1.5 per cent of respondents were identified as at-risk gamblers, a 0.9 per cent decline when compared to the 2.4 per cent figure the previous year. 23 per cent were identified as non-problem gamblers.

Offline gambling adverts had been seen by 55 per cent of respondents, down from 66 per cent in 2022, while online gambling adverts had been seen by 53 per cent of respondents, a drop compared to 63 per cent the previous year.

The most common media in which young people saw gambling advertisements were television at 47 per cent and apps at 45 per cent.

15 per cent of participants also followed a gambling company on social media, most commonly on YouTube (10 per cent), followed by TikTok (nine per cent) and Instagram (seven per cent). 68 per cent of respondents don’t follow a gambling company on social media.

As for why young people gambled, data from the report stated that 80 per cent of respondents who have used their own money to gamble in the past year did so because “they regard it as a fun thing to do”. 17 per cent agreed that gambling makes them happy, 29 per cent disagreed that it made them happy, and 28 per cent were unsure either way.

Of all respondents, 28 per cent said they had seen family members they live with gamble.
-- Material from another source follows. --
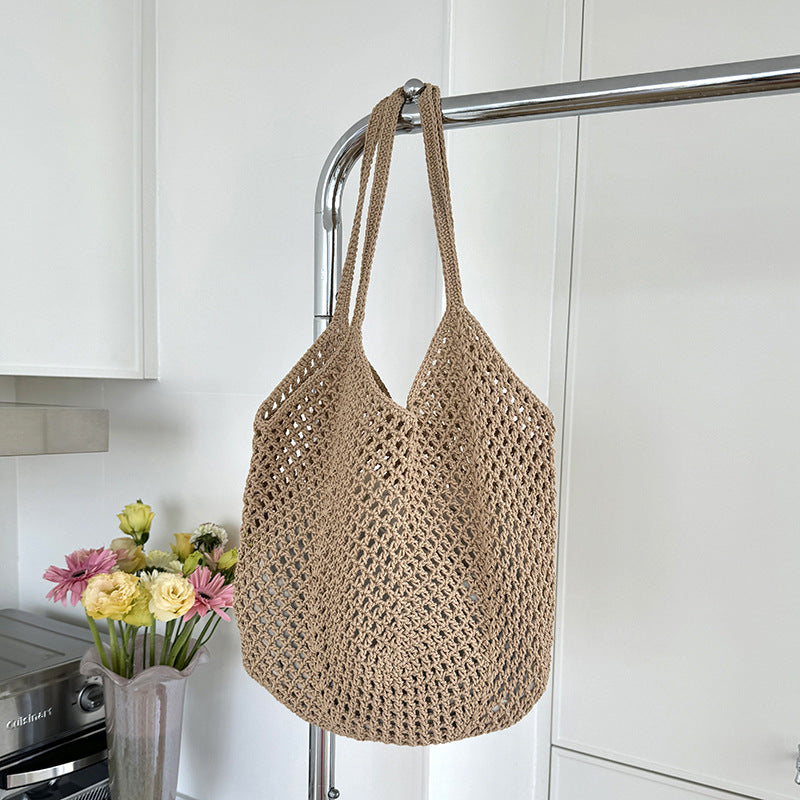Large Capacity Hollow Cotton Rope Bag Casual Fashion Shoulder Bag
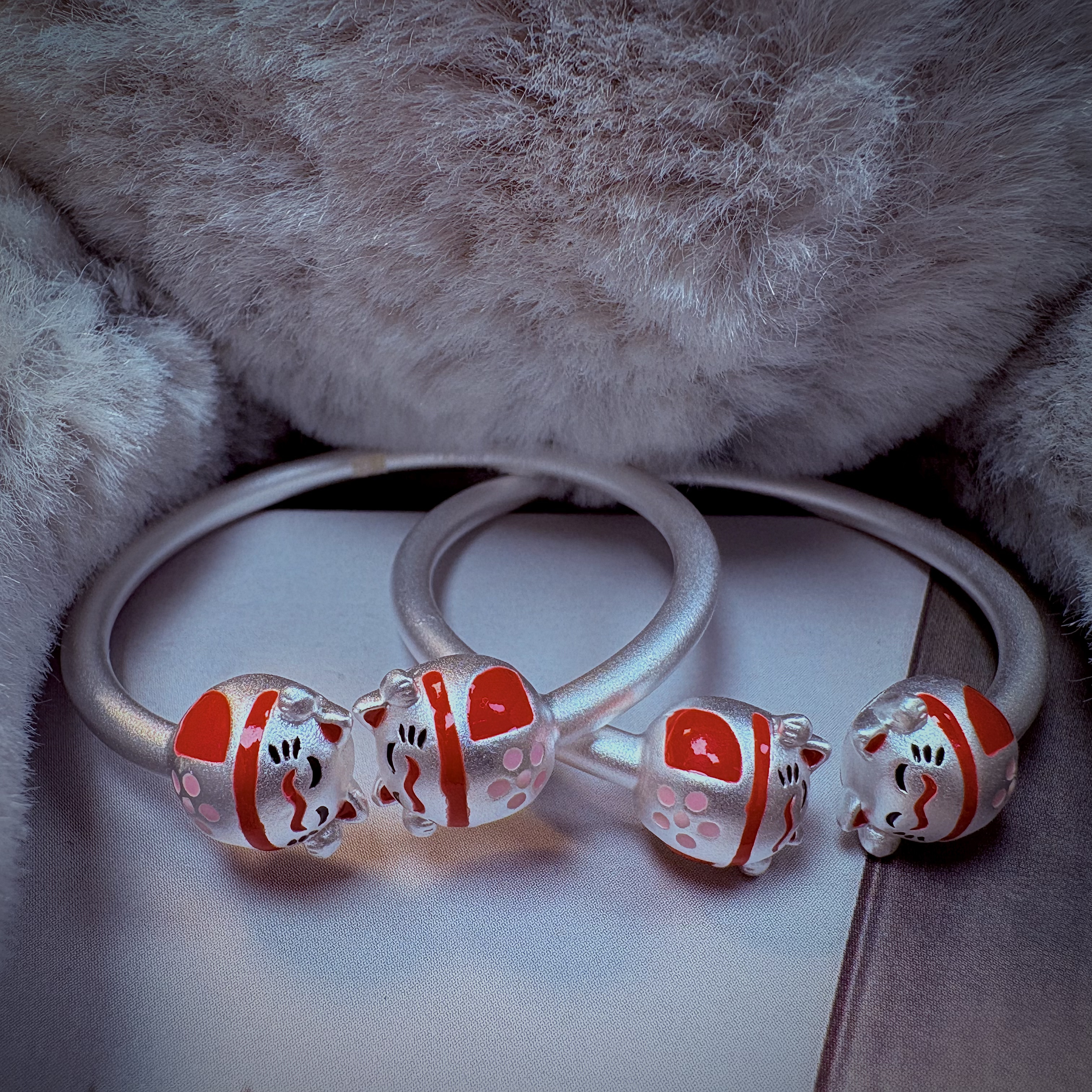 足银手镯 足银精工招财猫宝宝手镯银镯子纯银精致时尚精美银制品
From this group, 10 per cent said gambling had been the cause of arguments or tension at home, while 12 per cent said a family member’s gambling had helped to pay for things at home (eg. holidays, trips or clubs).

The UKGC added that protecting young people from harm is “a priority for the commission and it is working hard to implement relevant proposals by government in its Gambling Act Review White Paper High stakes: gambling reform for the digital age”.

These proposals include examining how the on-premises age verification process can be improved, such as requiring staff to check the age of customers who appear to be under 25, instead of under 21.

The UKGC’s Young People and Gambling 2023 report is also released during Safer Gambling Week in the UK, where many gambling industry stakeholders are spotlighting the resources available to players to help them stay in control of their gambling as well as provide them with advice.

BGC: zero tolerance approach to betting by children

Commenting on the UKGC’s Young People and Gambling 2023 report, a spokesperson for the Betting and Gaming Council said its members take a “zero tolerance” approach to betting by children.

“The most popular forms of betting by children are legal arcade games like penny pusher and claw grab machines, bets between friends or family, and playing cards for money – not with BGC members.

“These latest figures from the Gambling Commission, which incorporates data from 17-year-olds for the first time, and therefore comparisons with previous surveys should be treated with caution, show the number of children aged 11-17 gambling in the last seven has dropped two per cent since last year, to five per cent.   

“Our members enforce strict age verification on all their products to prevent underage gaming, while the BGC funds the £10m Young People’s Gambling Harm Prevention Programme, delivered by leading charities YGAM and GamCare, which has reached more than two million 11 to 19-year-olds, and those working with them, in the UK.

“Meanwhile figures released by independent analysts Serve Legal revealed betting shops’ record on age verification checks are better than those of supermarkets, convenience stores and petrol forecourts.

“In 2019, BGC members introduced the whistle-to-whistle ban on TV betting commercials during live sport before the 9pm watershed, which led to the number of such ads being seen by children at that time falling by 97 per cent. Our members also introduced new age-gating rules for advertising on social media platforms, restricting ads to those aged 25 and over for most sites.

“This survey shows young people’s exposure to gambling adverts and promotions has also declined since last year, of 11-17-year-olds 55 per cent had seen gambling adverts offline, compared to 66 per cent in 2022, and 53 per cent had seen adverts online, compared to 63 per cent in 2022.

“The regulated betting and gaming industry is determined to promote safer gaming, unlike the unsafe and growing online black market, which has none of the safeguards strictly employed by BGC members.”